The fourth World Entrepreneurship Forum ended last Saturday in Singapore. Designed to discover what is needed to re-kindle, empower and sustain entrepreneurial spirits across the globe, it is a completely unique event.
Over three intense days, the Singapore Shangri La Hotel's conference rooms, break rooms and coffee lounges saw an incredible buzz of energy and enthusiasm...far away from the doom and gloom of the European Union.
The corridors were humming with words such as action, commitment, tangibility, global impact, social impact, in stark opposition to the all talk, no action politicians.
To put it bluntly, for every entrepreneur, three to five jobs are created - the Holy Grail for every economy.
More importantly, every entrepreneur is a new model to inspire youth potentially lost and scared about their futures. Reading Dear Lucy's answer to a distressed mother wondering "how do I help my job seeking daughter" in the 9 November Financial Times, I could not help but think: entrepreneurship is the future.
Yes, there is entrepreneurship rooted in necessity - as practiced by Ning Li, founder of Made.com, the fastest growing on-line private furniture maker. But I also mean entrepreneurship founded on real market opportunities, as highlighted at the Forum by Nigerian entrepreneur Ini Oruk, founder of Thistle Praxis, a consulting company specialised in developing Social Performance & CSR frameworks for African corporations. We will need to consider potential social reforms, or fiscal reform, or even cultural change to make it happen. We'll need to reflect on vocational education, national frontiers and to re-invent ourselves. These were my key takeways from the World Entrepreneurship Forum.
Beyond practical policy and business advice, however, what resonated for me at the Forum was the human element. The sense of a global community learning and sharing with each other. A community committed to acting and working together to achieve a sustainable economy.
What was impressive was the sense of commitment towards the future and future generations, rooted in actions and mutual future commitments.
What was innovative was reconciling wealth with social justice.
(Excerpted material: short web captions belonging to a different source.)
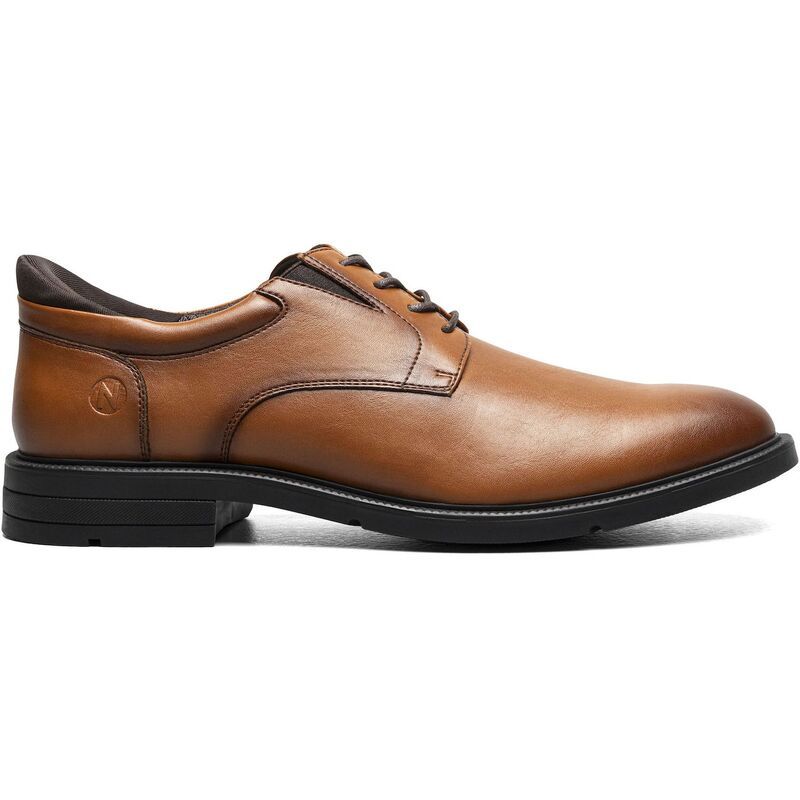 ノンブッシュ メンズ シューズ オックスフォード Nunn Bush KoreZ Icon Mens Plain Toe Oxford Shoe Cognac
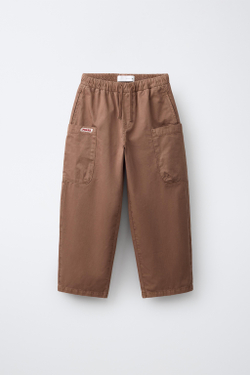 ZARA X PUKAS БРЮКИ КАРГО PUKAS SURF, ЧЕРЕПИЧНЫЙ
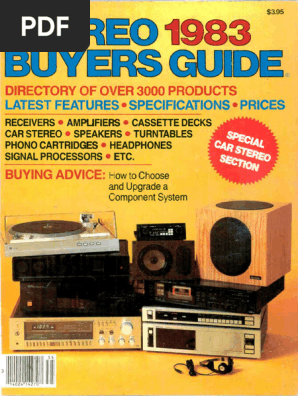 ひゃくえむ。 Vol.1-3 セット Stereo Directory 1983 | PDF | Phonograph | Consumer Electronics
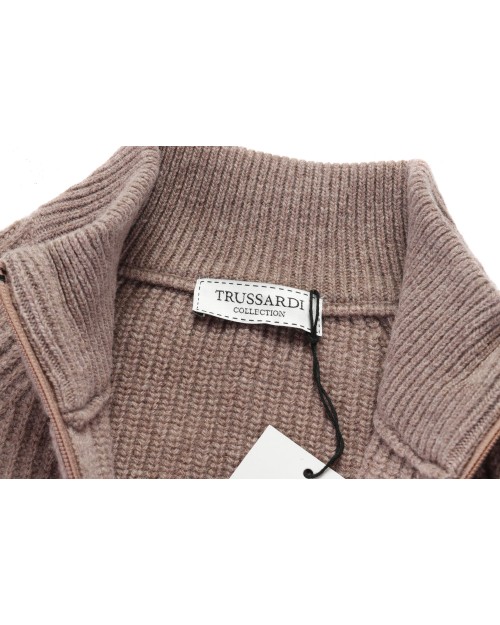 TRUSSARDI COLLECTION SWEATER - MUD - WOOL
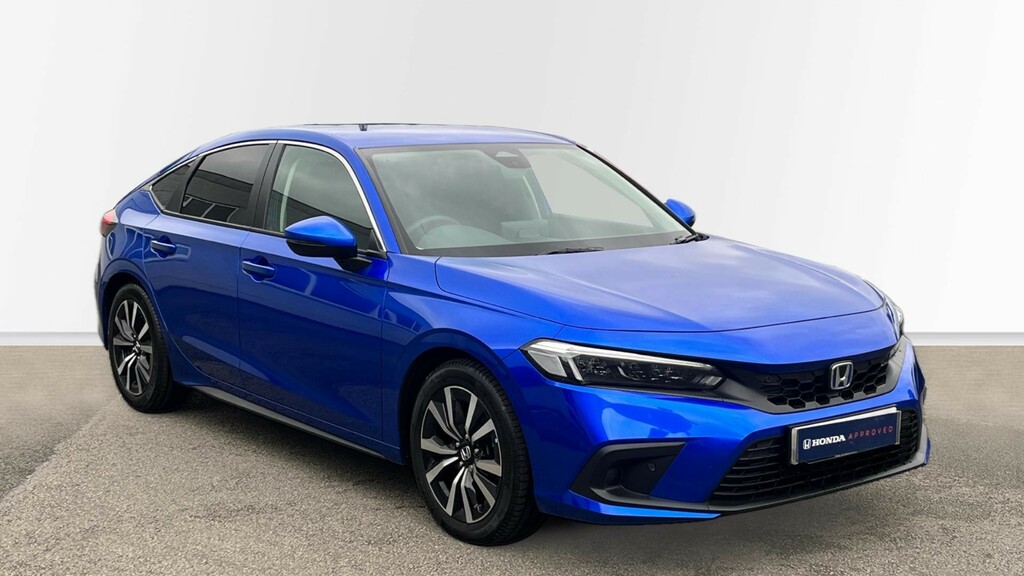 Compare Honda Civic Honda Hatchback 2.0 Ehev Elegance Cvt PJ24CBX Blue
As Guillaume Gauthereau, founder of Totsy.com, elegantly put it: "It is time to recalibrate richness and build an ethical and balanced society, to pair money and wealth with values and an ability to make this world a better place."
What was inspiring was listening to Geneviève Morand from Rezonance speaking passionately about "receptivity and transmission about building business on networks, value and mutual aid."
I think this is what was truly innovative and enlightening about the Forum. Perhaps the call for change is not about entrepreneurship and action, but is instead more profound.
Maybe the true call for change is to move away from a process and money-oriented world towards a purpose-driven world, one with human values and more social equality. Could entrepreneurship act as a catalyst? A vast question yet to be explored.
As of today, I would like to say thank you to the founders of the World Entrepreneurship Forum - the Ecole de Management de Lyon, KPMG, and Nanyang Technological University, for their courage and their vision. Most importantly, thank you to the 120 individuals that left their own ventures for four days, showed up and made a stand.